The FY25 tax rate is $11.21 per $1,000 of assessed value, compared with $11.65 for FY24, for a decrease of 4%. However, the average valuation of a single-family home increased from $619,800 in FY24 to $673,300 for FY25, with an average annual tax bill of $7,548 as compared with $7,221 in FY24.
Click here for the full presentation on Hull’s FY25 tax rate.
This means that the average residential property owner can expect a $327 increase in his or her FY25 taxes, or 5%, even with the lower tax rate, while the tax on commercial properties is expected to decrease by $99.
That’s because at the new tax rate, the average tax bill for commercial properties will be $8,376 as compared with $8,475 for the last fiscal year. The average valuation on commercial properties for FY25 is $747,200, compared with $727,500 for FY24.
Hull ranks 12th among Plymouth County single-tax-rate communities based on the FY24 numbers, with an average single-family tax bill of $7,221, compared with Wareham on the low end at $3,912 and Hingham property owners paying $12,839, with property tax assessments varying greatly among these communities.
Because nearly 96% of the properties in town are residential, and Hull has a small commercial base of 3%, maintaining the single rate structure means that most of the tax burden falls on residential property owners.
A small portion of the property tax, or 1%, applies to personal property. This tax includes tangible property that is not real property, such as furniture in second homes or business equipment.
However, if the tax rate were split, homeowners would see relatively little savings, while the average commercial property owner would see his or her property tax burden greatly increase, depending on the percentage of the split.
Based on a 10% shift, the average residential taxpayer would save $30 per year, while the average commercial taxpayer would bear an additional tax burden of $838.
Based on a 50% shift, the average residential taxpayer would save $151 a year, while the average commercial taxpayer would pay an additional $4,188.
The select board also voted not to adopt residential nor small business exemptions, also upon the recommendation of the board of assessors.
While the residential policy would save tax dollars for lower-valued owner-occupied residences, it would put an additional tax burden on higher-valued owner-occupied residences as well as on non-owner-occupied residences, apartments, and vacant land, according to the assessors.

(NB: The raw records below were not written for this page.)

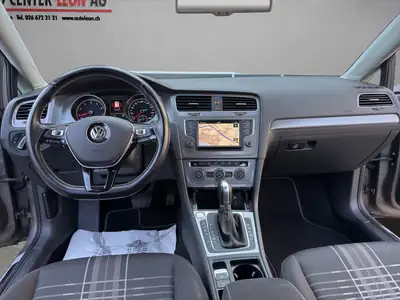 VW Golf 1.4 TSI Lounge DSG — Compacte dynamique, entretien à jour, 8 pneus inclus — Thumbnail 14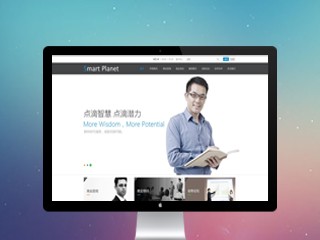 企业网站建设仿制标准版上线运营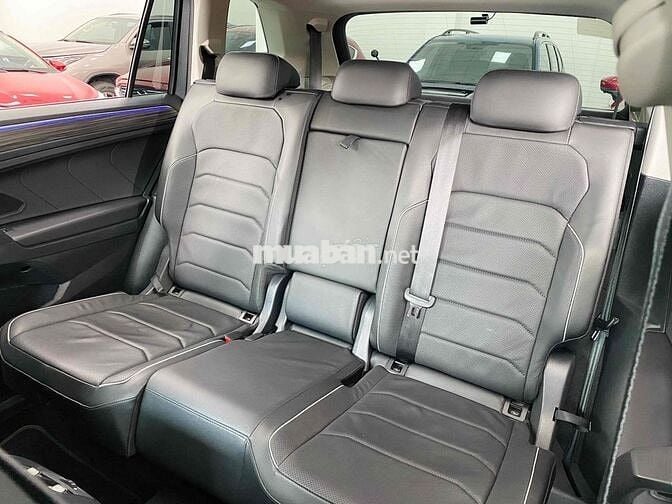Volkswagen Tiguan 2022 Allspace 1 Chủ- 5000 km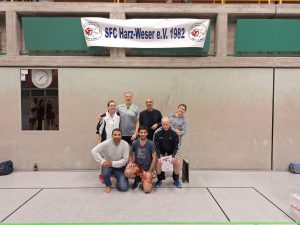 Volleyballturnier 2025 50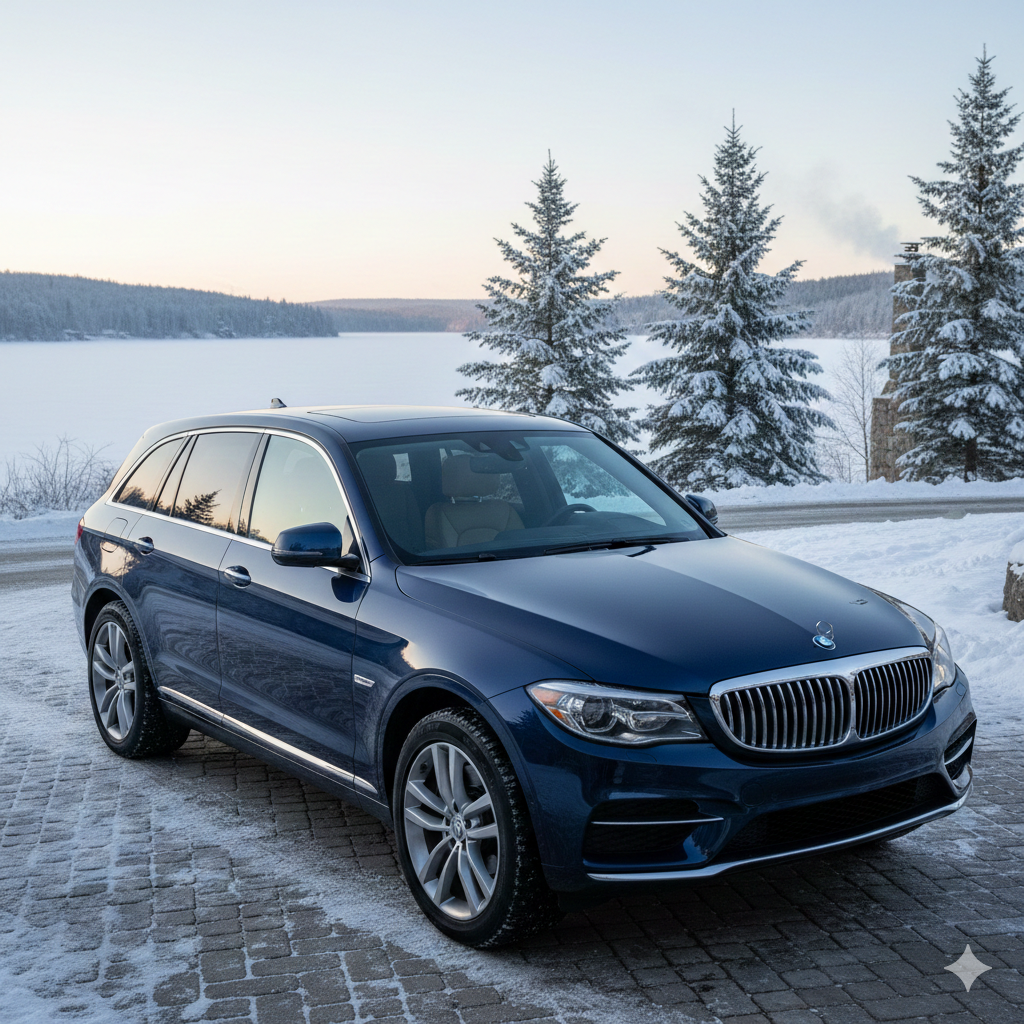 雪が降らなくても危険？北九州の冬、愛車を「サビ（塩害）」から守るために絶対やるべきこと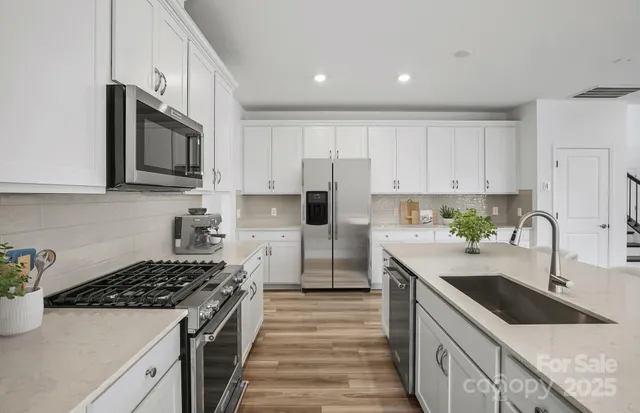 $844,913 | 9347 Moss Plantation Avenue Northwest, Concord, NC 28027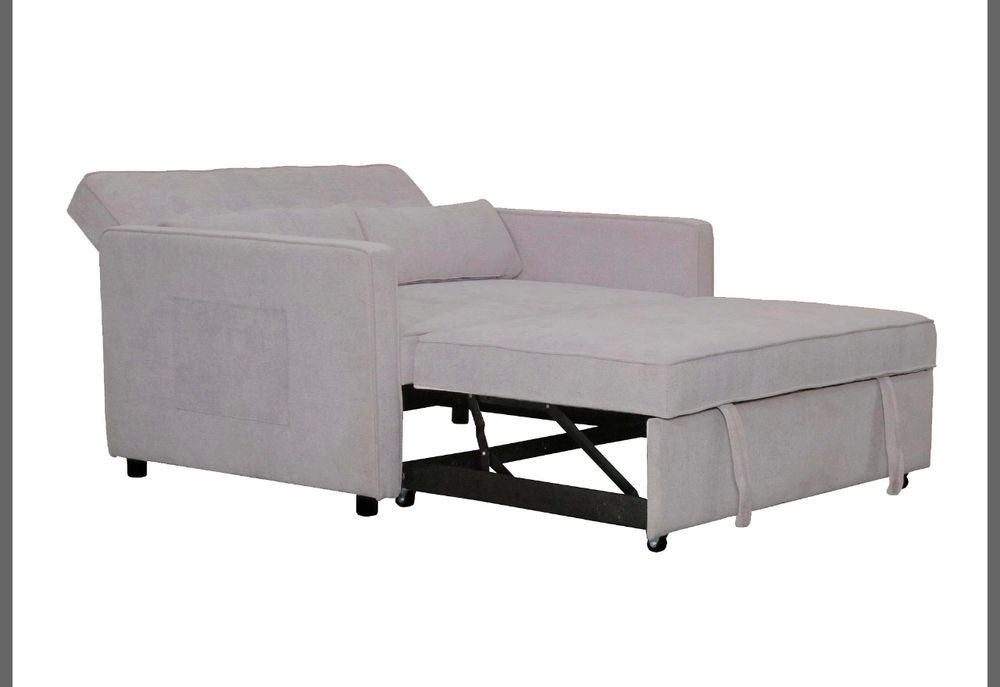 Sofá Cama 2 Lugares JOM PIACENZA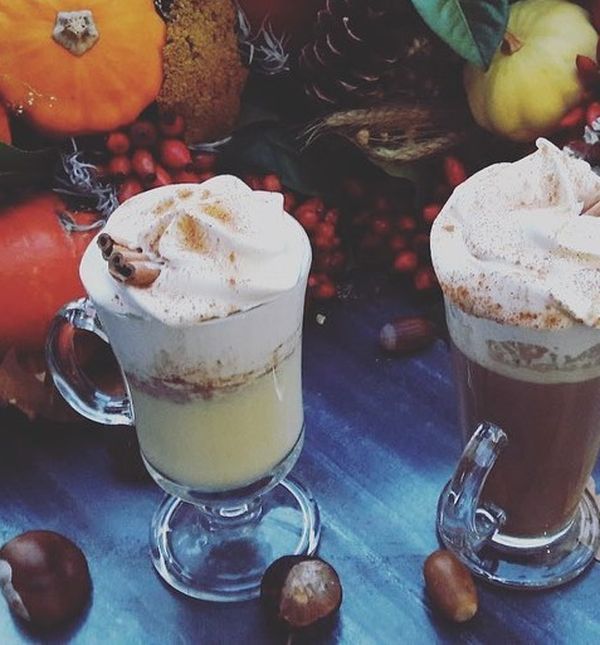 Pumpkin spice latte i pumpkin spice vruća čokolada novost su u ponudi zagrebačkog Cat Caffea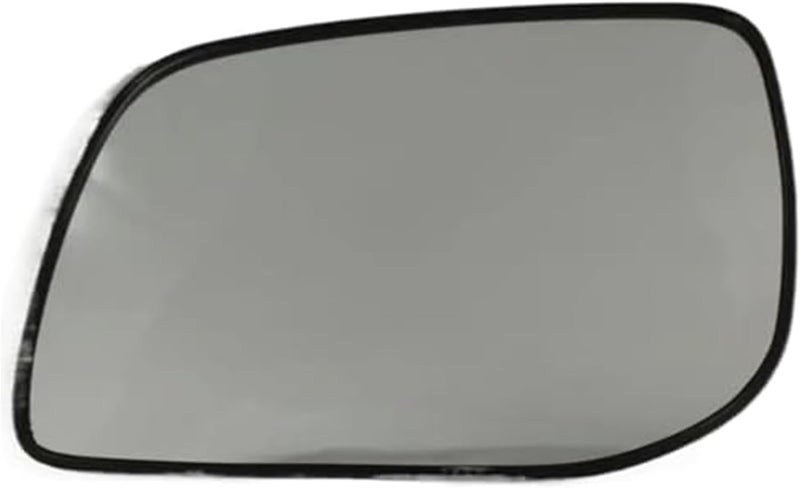 Wivplex Heated Side Mirror Glass for Range Rover P38 - Image 1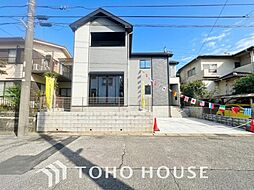千葉県柏市しいの木台５丁目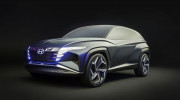 Hyundai liên tục giới thiệu xe mới, sắp tới là crossover Bayon ?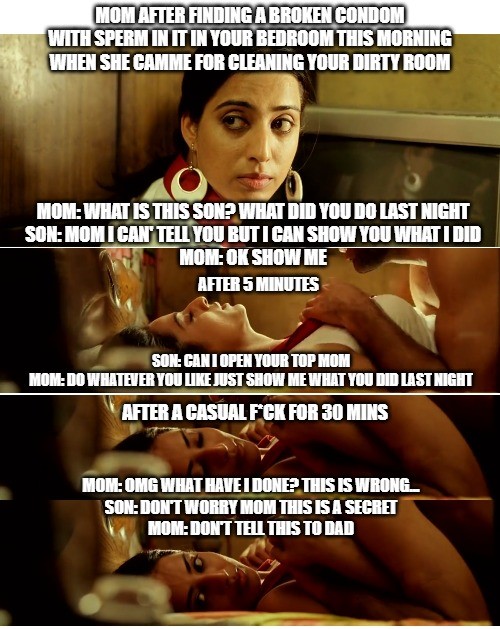 INCEST : Family Mein Pyar Romance or Sex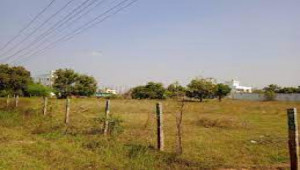 Plot For Sale In DHA Phase 9 Prism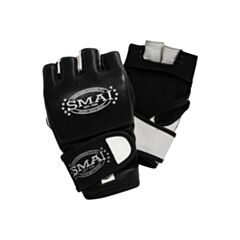 Leather MMA Glove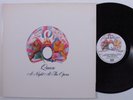 QUEEN A Night At The Opera EMI LP VG++/VG+ brazil gatefold with insert l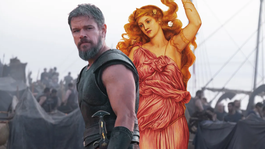 La Odisea llegará a los cines en el mes de julio. La Odisea llegará a los cines en el mes de julio.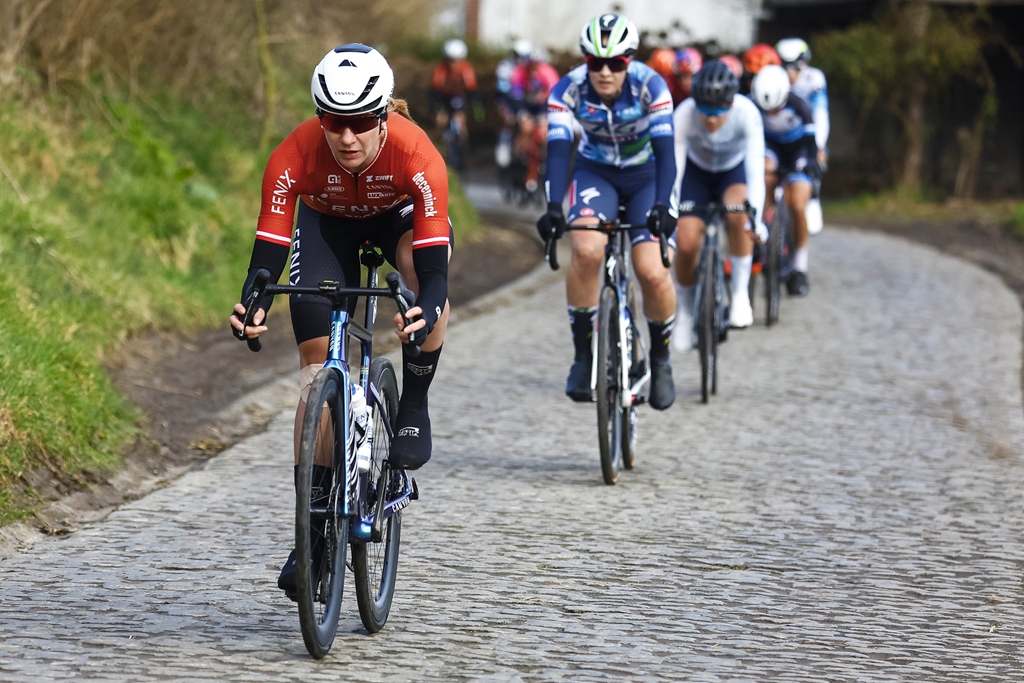 Schrempf Carina- Alpecin Fenix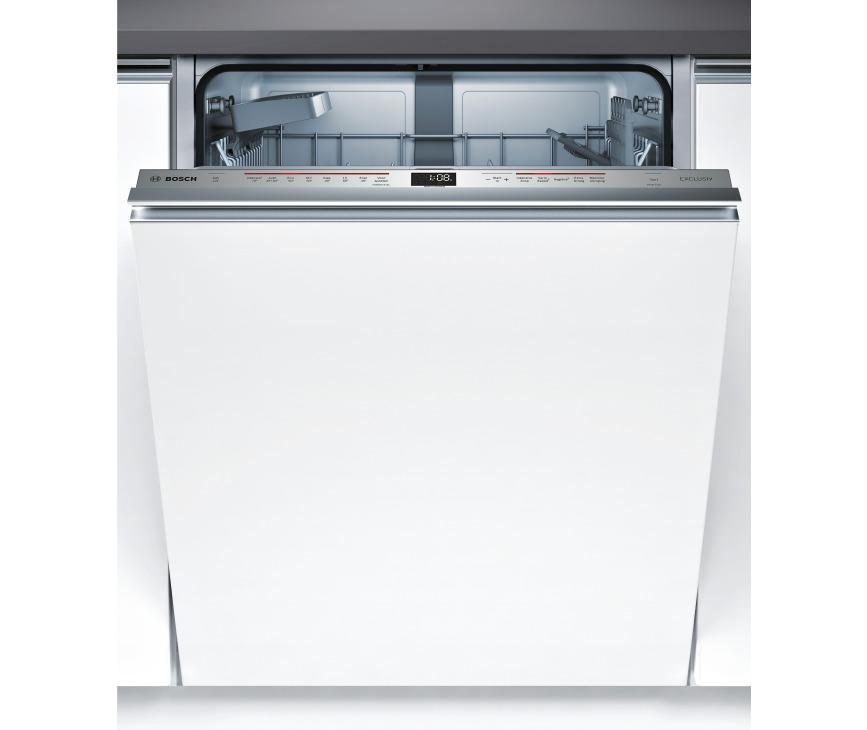 BOSCH vaatwasser inbouw SMV68IX01N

Adopting the small-business exemption would increase the commercial tax rate and the taxes of non-qualifying commercial properties, including all commercial vacant land.
At the conclusion of the joint meeting between the select board and the board of assessors, the hearing was continued until the FY25 tax rate is certified “and in case any changes need to be made,” Town Manager Jennifer Constable said.
“This is really the start of the budget process, and an important part of it,” she said.